Sir Ridley Scott ha dado su versión cinematográfica del emperador Napoleón en una cinta que dura dos horas cuarenta. Demasiado larga para una película como esta que se repite monótonamente. «The Economist» titulaba su reseña sobre la película con objetividad feroz: «“Napoleón” de Ridley Scott reduce el tamaño del emperador», para añadir a continuación, como atenuante, que esta «película épica muestra lo difícil que es hacer una buena película biográfica».
La verdad es que es difícil reconocer en este Napoleón, nacido en Hollywood, de Scott, que aparece sin más brújula que sus devaneos sentimentales con Josefina, al hombre que asumió y transformó el torbellino que significó la Revolución francesa sin ser arrollado por ella, cambió el mapa geopolítico de Europa y cuya aventura en España marcó no solo el inicio de su derrota, sino que fue también el golpe de gracia que movió a las juntas de las ciudades hispanoamericanas a exigir su independencia.
El Napoleón de Scott atropella espectacularmente la historia. O simplemente la ignora. Napoleón no estuvo, por ejemplo, presente, confundido entre el pueblo, en la decapitación de María Antonieta. Tampoco abandonó Egipto por el chisme de la última infidelidad de Josefina. Podría haberlo hecho si no hubiese sido Napoleón: lo que estaba en juego en esos momentos era nada menos que el poder en Francia en manos de un directorio que había perdido autoridad.
Los años de guerra desde que Napoleón se coronó como emperador hasta su exilio definitivo a Santa Elena no fueron producto de una loca sed de conquistas, sino resultado del desbarajuste que provocó en el tablero político europeo la irrupción de la Revolución francesa. Por ello, el Congreso de Viena de 1815, realizado después de la derrota y el exilio definitivo del emperador, trató de volver al sistema político absolutista anterior a dicha Revolución.
Scott ha dicho que una película no es un libro de historia. En parte tiene razón. Pero el problema de saltársela en el caso de personajes como Napoleón tiene sus consecuencias.

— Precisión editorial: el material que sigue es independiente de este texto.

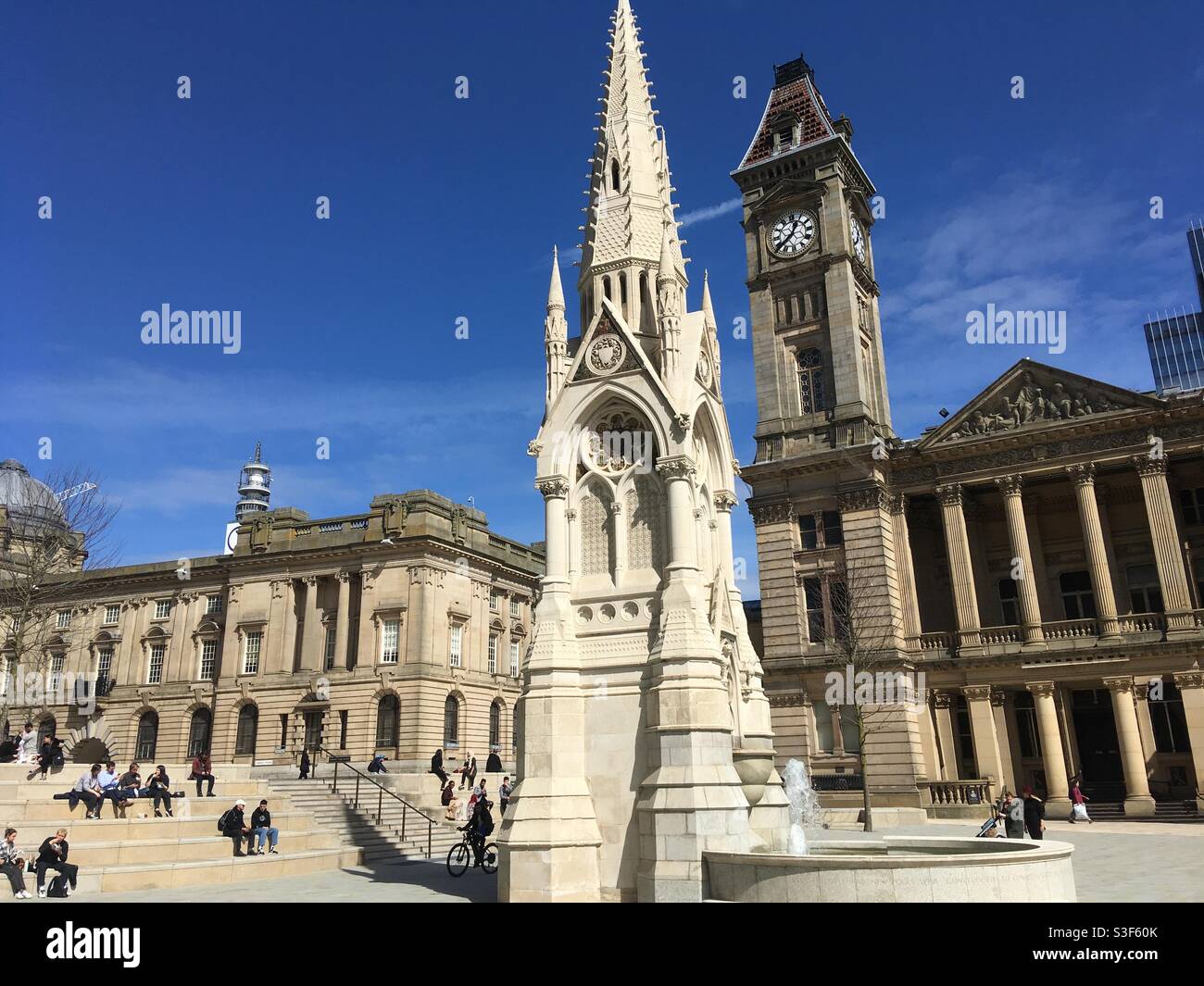 Birmingham city centre, art gallery, city council offices, and ...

El personaje pierde todo contexto y la película queda sin argumento: batallas que suceden a batallas, líos de alcoba que no logran trascender su intrascendencia. ¿Es lo único que tenemos que decir sobre el emperador? ¿Es este personaje enfurruñado y caprichoso el que el historiador inglés Eric Hobsbawn identifica como «el hombre civilizado del siglo XVIII, racionalista, curioso, ilustrado, pero lo suficientemente discípulo de Rousseau para ser el hombre romántico del siglo XIX»? «Era el hombre de la Revolución», remata Hobsbawn, «y era el hombre que traía la estabilidad». Así se entiende que haya conversado con Goethe del «Fausto», que Beethoven le hubiese dedicado una sinfonía, aunque luego hubiese desistido. ¿Cómo explicar que el joven Hegel lo haya llamado el «espíritu del mundo» cuando terminaba la «Fenomenología del espíritu» en 1806?
«Dice un sabido proverbio que para un ayuda de cámara no hay ningún héroe. Yo he añadido —y Goethe lo ha repetido 10 años más tarde— que esto sucede no porque el héroe no lo sea, sino porque el otro es el ayuda de cámara. Este quita al héroe las botas, lo ayuda a acostarse, sabe que prefiere beber champán, etcétera. Las personalidades históricas, servidas en la historiografía por semejantes ayudas de cámara psicológicos quedan muy malparadas, quedan niveladas por estos sus ayudas de cámara en la misma línea, o seguramente unos peldaños más abajo, de la moralidad de estos finos conocedores de hombres».
Esta advertencia del Hegel ya maduro, en 1830, nos instruye, en otras palabras, para que no pidamos a los ayudas de cámaras pasados y presentes testimonios de grandeza.